Local students’ dedication and enthusiasm, Salyer and ACT President Melissa Wharton agree, absolutely blew the seasoned professionals out of the water.

“There was this magical and very earnest creative impulse that just wowed everybody. They’re all buzzing, saying ‘When can we come back? When can we come back?’” Salyer said in a recent telephone interview.

“These people are the cream of the crop,” Wharton said via telephone Thursday. But just because the teachers Salyer has recruited to work with his organization are big names doesn’t mean they feel above local folks, she added.

“Not only were they great teachers — they were real human beings, some of whom cried when they left here,” Wharton said.

The series of intensive workshops in acting, singing, stage combat, Shakespeare and more that local students experienced June 15-20 is just one part of the local ARTreach program, which will culminate in a spring gala to showcase local kids’ talents, Salyer and Wharton noted.

ONGOING WORK

Salyer visited last November to meet the local students, conduct auditions, help the middle school and high school participants pick monologues and songs, and provide a little preliminary instruction.

When he returned this summer, he brought friends, including Broadway veterans Julia Gregory and Tony Abatemarco, and experienced teachers Ross Hellwig, Rene Urbanovich and Shannon Levy-Heath.

The grueling schedule of intensive courses had students as young as 9 years old participating in high-level theatrical training, and it was all free.

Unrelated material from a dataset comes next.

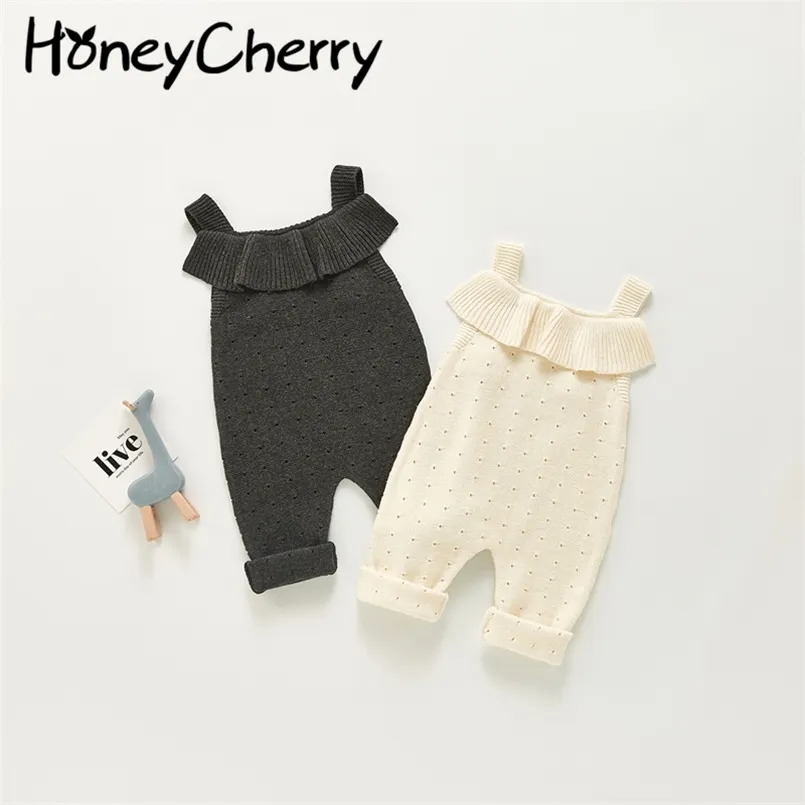 Knitting sweter Romper baby Sling bawełniane kombinezony romper wspinaczkowe ubrania dziewczyna 210702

“We had five straight days of eight-hour days — literally, it was like these kids were in a job,” Salyer said. “I think some of the parents were trepidatious about how long we were going to have them in class, but it was fun, exciting material with really dynamic teachers.”

The kids performed masterfully, Salyer and Wharton reported, and wowed big-time visitors from possible funding agencies, like a group that visited from the Virginia Museum of Fine Arts one afternoon.

ARTreach isn’t a one-time thing. Salyer and the group of artists he’s pulled together are trying to plan similar outreach workshops in other rural communities, including South Boston and Galax.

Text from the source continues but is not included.